The gimple statement types are currently implemented using a hand-coded
C inheritance scheme, with a "union gimple_statement_d" holding the
various possible structs for a statement.
The following series of patches convert it to a C++ hierarchy, using the
existing structs, eliminating the union. The "gimple" typedef changes
from being a
(union gimple_statement_d *)
to being a:
(struct gimple_statement_base *)
There are no virtual functions in the new code: the sizes of the various
structs are unchanged.
It makes use of "is-a.h", using the as_a <T> template function to
perform downcasts, which are checked (via gcc_checking_assert) in an
ENABLE_CHECKING build, and are simple casts in an unchecked build,
albeit it in an inlined function rather than a macro.
For example, one can write:
gimple_statement_phi *phi =
as_a <gimple_statement_phi> (gsi_stmt (gsi));
and then directly access the fields of the phi, as a phi. The existing
accessor functions in gimple.h become somewhat redundant in this
scheme, but are preserved.
The earlier versions of the patches made all of the types GTY((user))
and provided hand-written implementations of the gc and pch marker
routines.
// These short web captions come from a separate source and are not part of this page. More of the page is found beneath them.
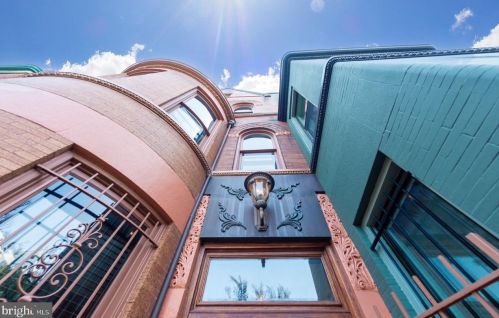 1336 Fairmont St, Washington, DC 20009-6939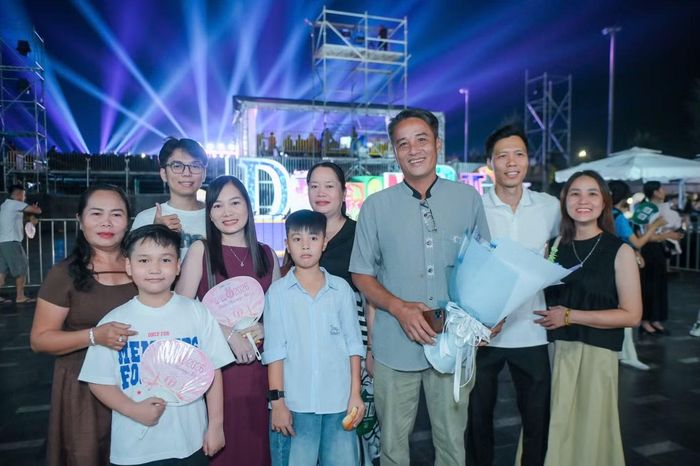 Ông Cao Hồng Do - bố thí sinh Cao Trần Tú Anh - từ TPHCM ra Hải Phòng theo dõi đêm chung khảo. Ông cho biết ban đầu không ủng hộ con gái thi hoa hậu. Sau hai tháng, chứng kiến sự trưởng thành của Tú Anh, ông nhận thấy hành trình này thực sự đáng giá.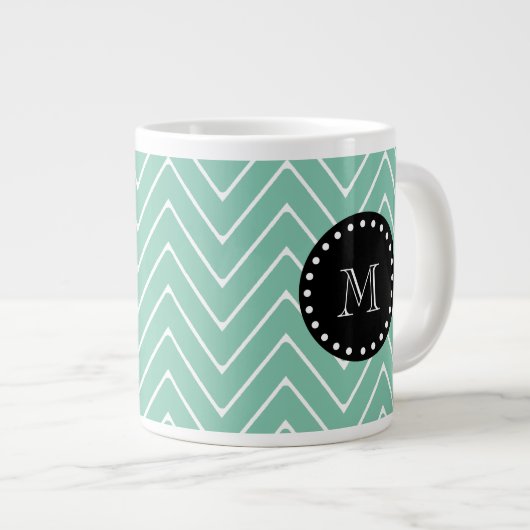 Mini-Grünes Zickzack Muster| Schwarze Monogramm Jumbo-Tasse (Vorderseite Rechts)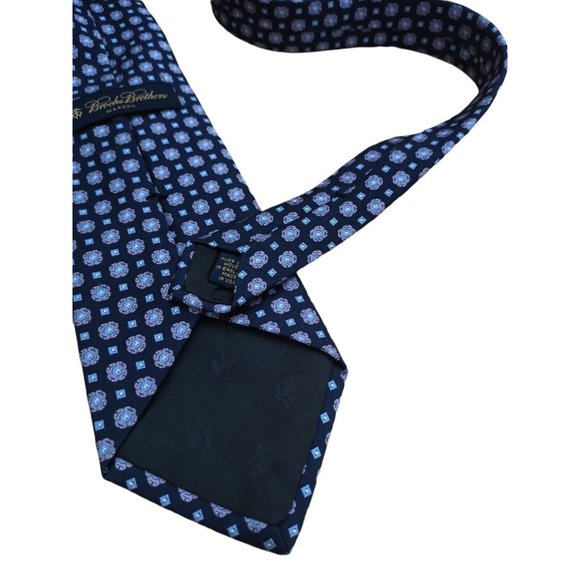 BROOKS BROTHERS MAKERS Blue Geometric Floral Silk Tie USA 60"/ 3.7" EC - Picture 6 of 6
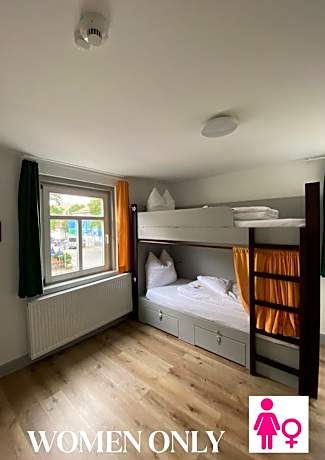 Single Bed in Female Dormitory Room((ONLY WOMEN)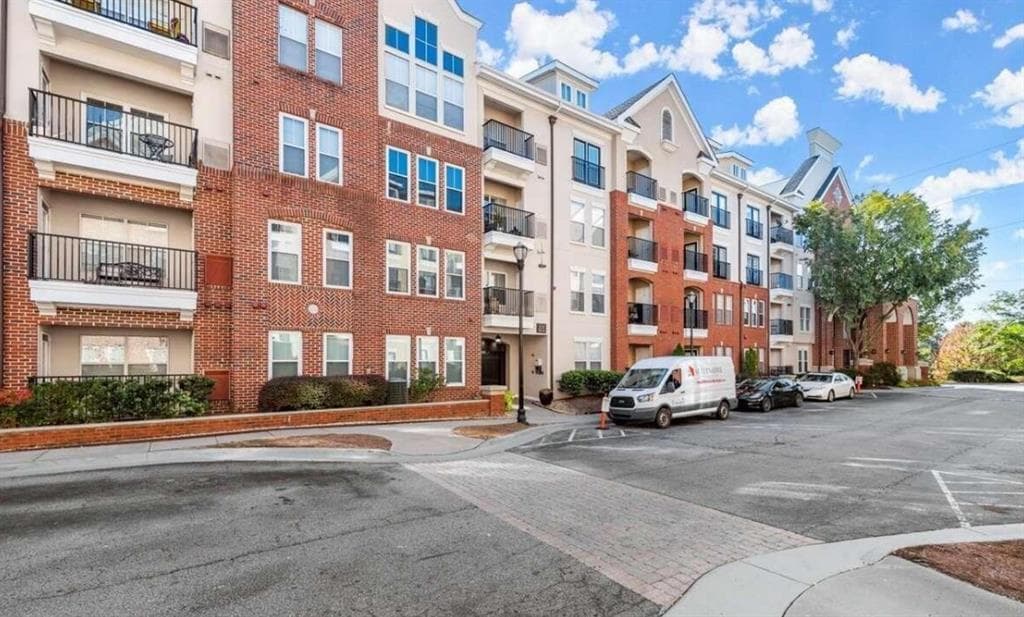 1 bedroom, 1 bathroom, 761 sq ft condominium for sale at 1850 Cotillion Drive 3413, Atlanta, GA 30338 — photo 3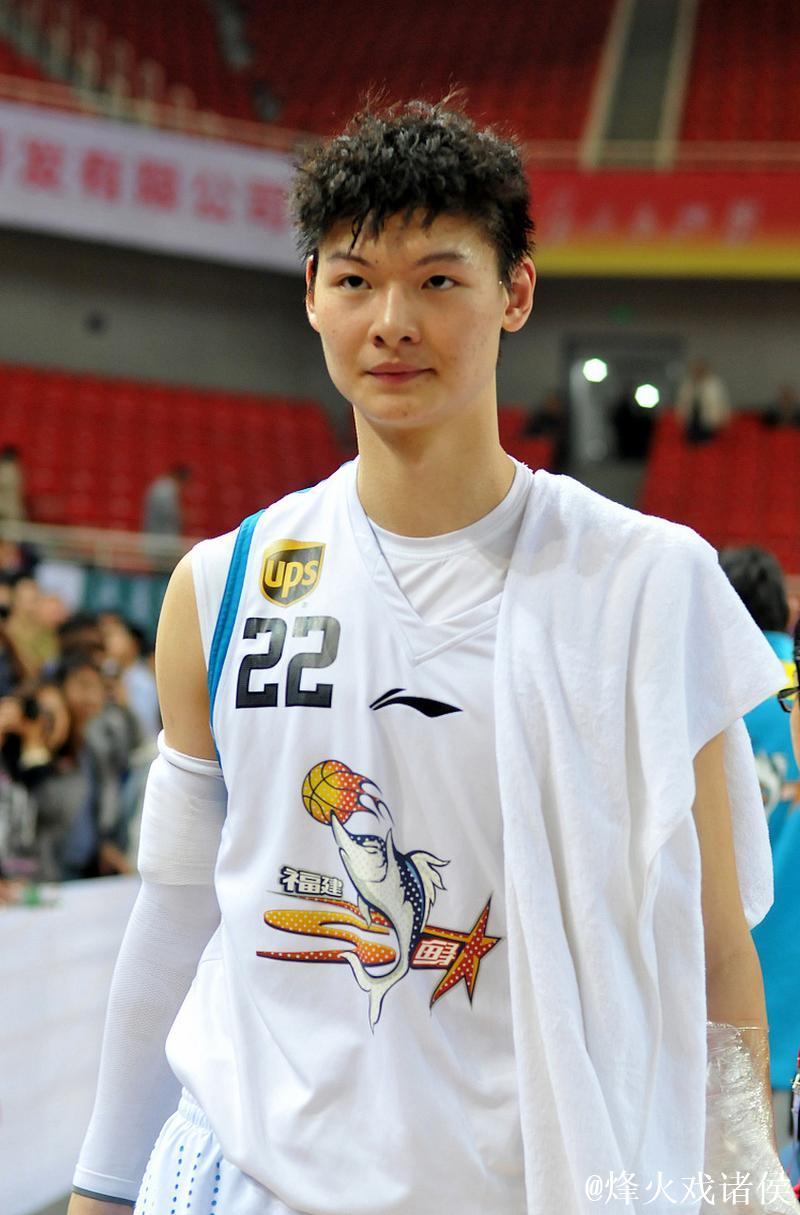 CBA夏联-王哲林21分上海胜福建 翁金郎23+7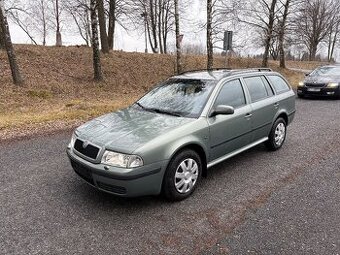 ŠKODA OCTAVIA 2.0MPI COMBI XENONY - 1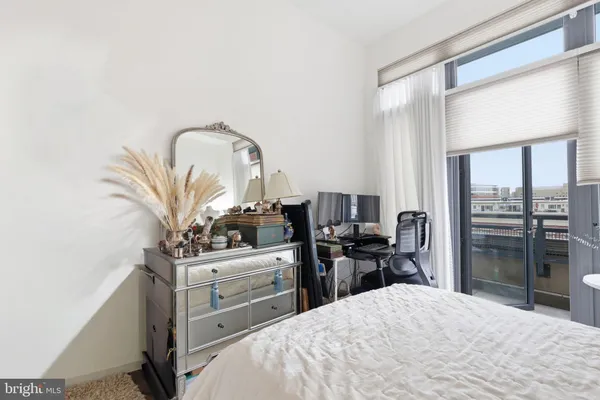 $4,150 | 520 John Carlyle Street, Unit 408, Alexandria, VA 22314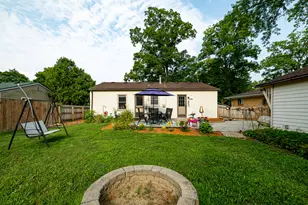1036 N Maple Rd, Ann Arbor, MI 48103 - Photo 6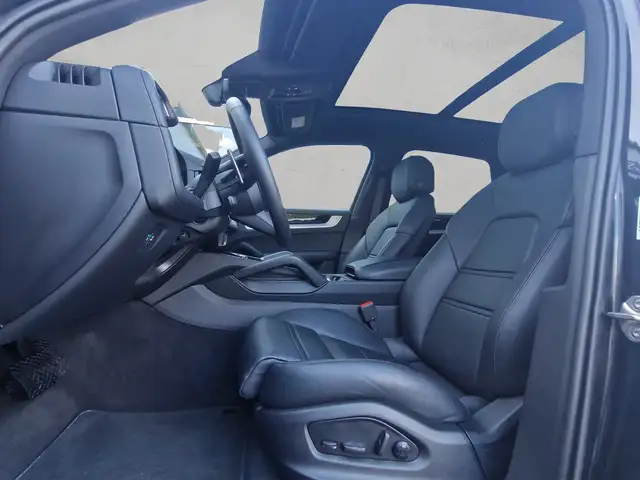Porsche Cayenne view 5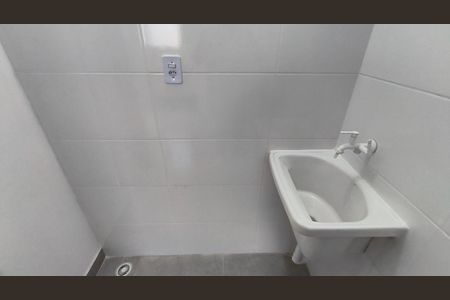 Casa para alugar com 60m², 1 quarto e 1 vagaÁrea de Serviço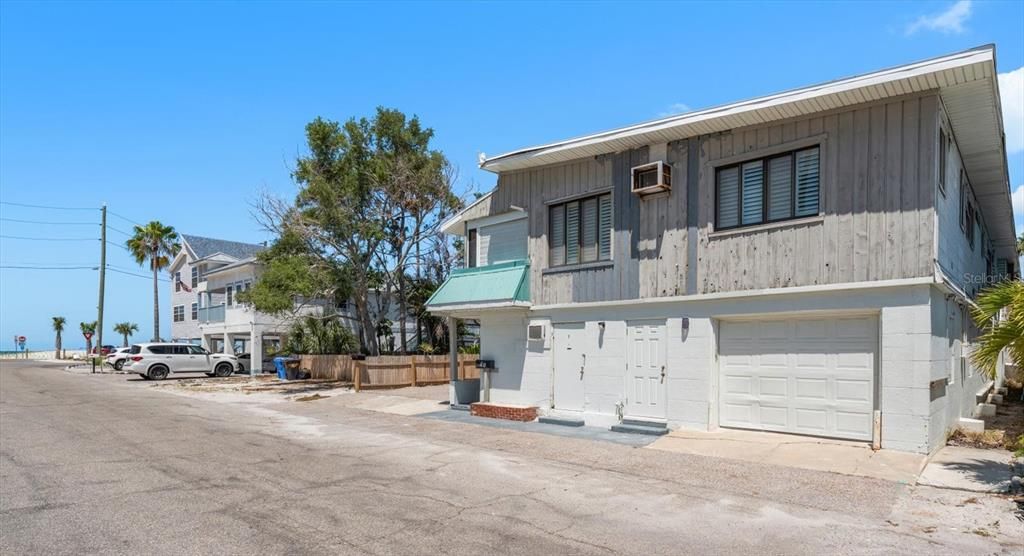 For Sale: $1,399,000 (9 beds, 0 baths, 5168 Square Feet)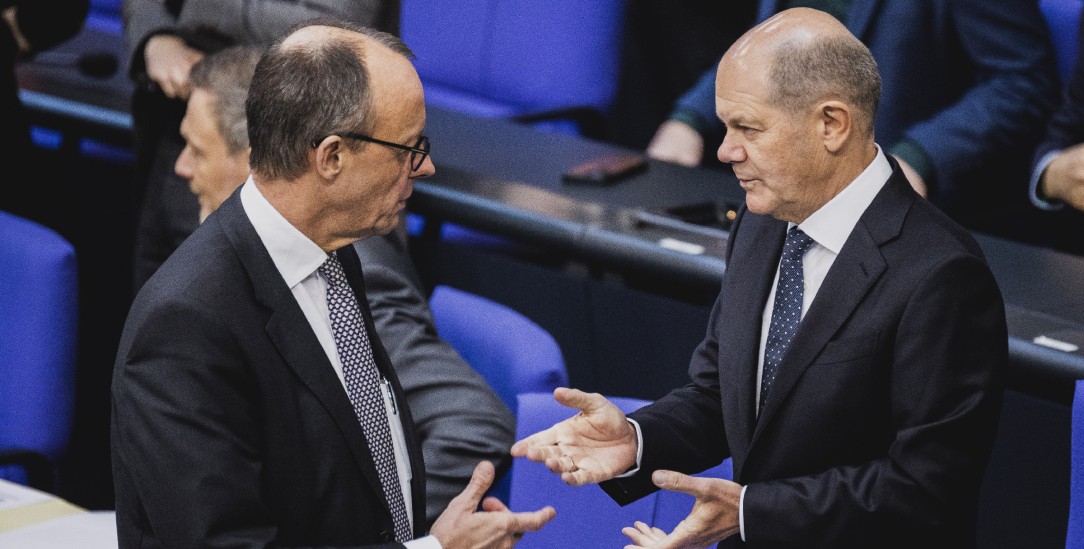 Bundeskanzler Scholz, Oppositionsführer Merz: Über eine Große Koalition wird deutlich hörbar geraunt. (Foto: pa/Florian Gärtner)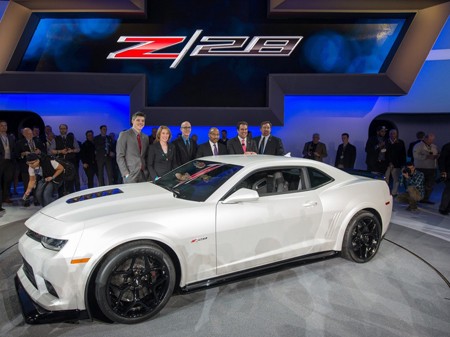 Xế cơ bắp Camaro Z/28 với động cơ khủng 7 lít Xế cơ bắp Camaro Z/28 với động cơ khủng 7 lít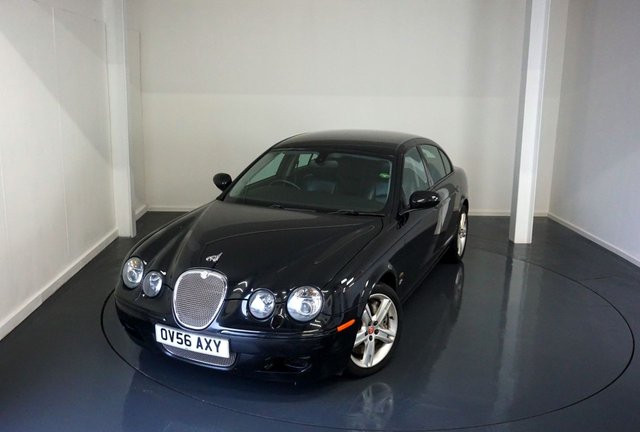 2006 56 Jaguar S-Type 4.2 V8 R Saloon-Superb Example-18 Inch Alloy Wheels with Matching Goodyear Tyres-Heated Black Leather Upholstery-Alpine Sound-Cruise Control-Mfsw-Dual Climate Control-Bluetooth-Reverse Camera-Satnav 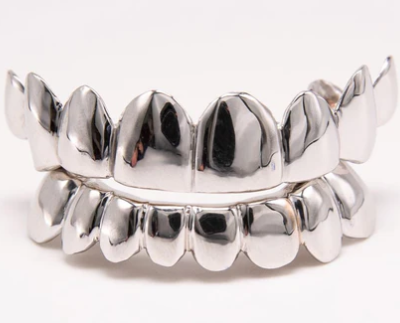 THE KODAK - WHITE GOLD 16 TEETH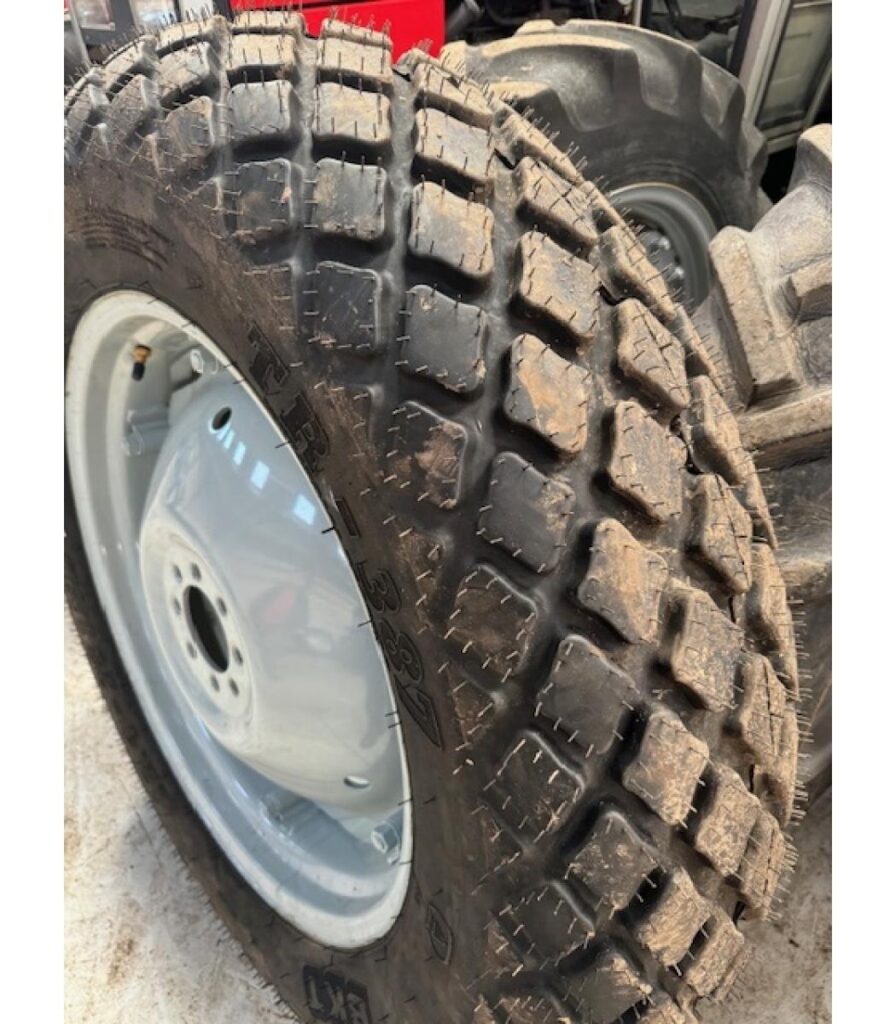 New 12.4-28 Wheel and Grass Tyre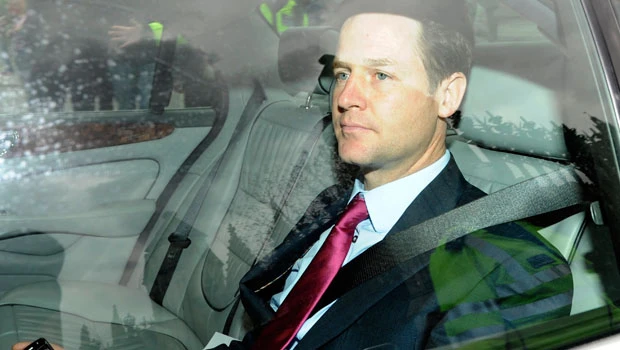 UK parties in race for power-sharing deal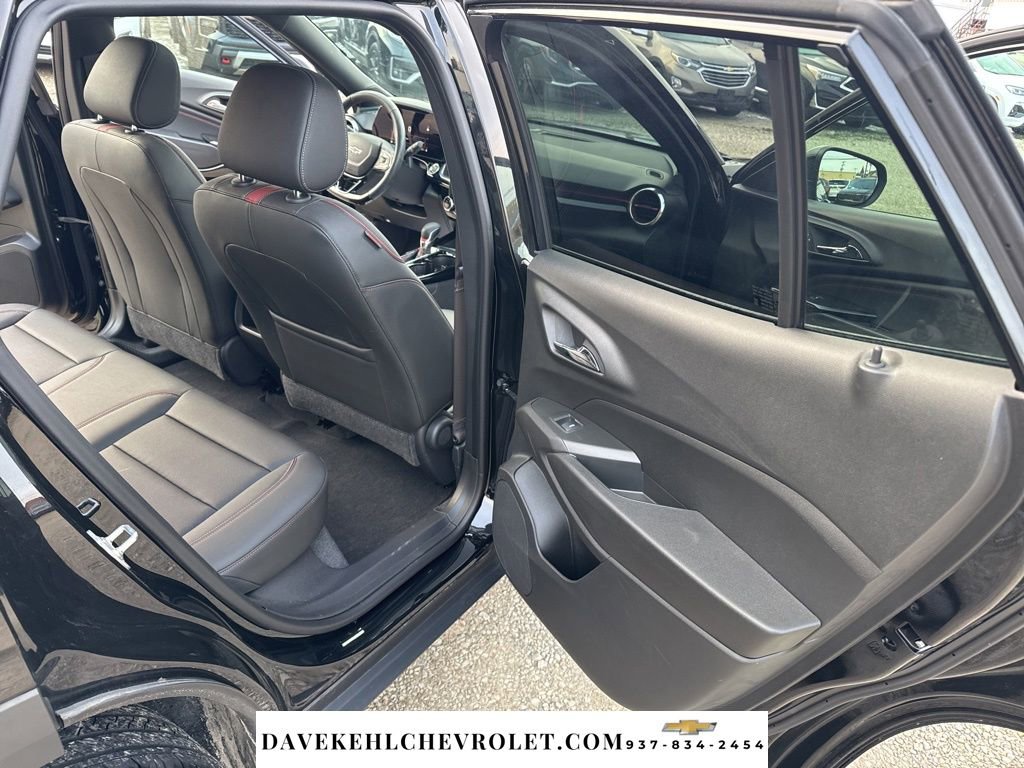 Used 2025 Chevrolet Trax RS w/ Sunroof Package image 22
In this new version we rely on the support for simple
inheritance that I recently added to gengtype, by adding a "desc"
to the GTY marking for the base class, and a "tag" to the marking
for all of the concrete subclasses. (I say "class", but all the types
remain structs since their fields are all publicly accessible).
As noted in the earlier patch, I believe this is a superior scheme to
the C implementation:
* We can get closer to compile-time type-safety, checking the gimple
code once and downcasting with an as_a, then directly accessing
fields, rather than going through accessor functions that check
each time. In some places we may want to replace a "gimple" with
a subclass e.g. phis are always of the phi subclass, to get full
compile-time type-safety.
* This scheme is likely to be easier for newbies to understand.
* Currently in gdb, dereferencing a gimple leads to screenfuls of text,
showing all the various union values. With this, you get just the base
class, and can cast it to the appropriate subclass.
* With this, we're working directly with the language constructs,
rather than rolling our own, and thus other tools can better
understand the code. (e.g. doxygen).
Again, as noted in the earlier patch series, the names of the structs
are rather verbose. I would prefer to also rename them all to eliminate
the "_statement" component:
"gimple_statement_base" -> "gimple_base"
"gimple_statement_phi" -> "gimple_phi"
"gimple_statement_omp" -> "gimple_omp"
etc, but I didn't do this to mimimize the patch size. But if the core
maintainers are up for that, I can redo the patch series with that
change also, or do that as a followup.
The patch is in 6 parts; all of them are needed together.
* Patch 1 of 6: This patch adds inheritance to the various gimple
types, eliminating the initial baseclass fields, and eliminating the
union gimple_statement_d. All the types remain structs. They
become marked with GTY(()), gaining GSS_ tag values.
* Patch 2 of 6: This patch ports various accessor functions within
gimple.h to the new scheme.
* Patch 3 of 6: This patch is autogenerated by "refactor_gimple.py"
from https://github.com/davidmalcolm/gcc-refactoring-scripts
There is a test suite "test_refactor_gimple.py" which may give a
clearer idea of the changes that the script makes (and add
confidence that it's doing the right thing).
The patch converts code of the form:
{
GIMPLE_CHECK (gs, SOME_CODE);
gimple_subclass_get/set_some_field (gs, value);
}
to code of this form:
{
some_subclass *stmt = as_a <some_subclass> (gs);
stmt->some_field = value;
}
It also autogenerates specializations of
is_a_helper <T>::test
equivalent to a GIMPLE_CHECK() for use by is_a and as_a.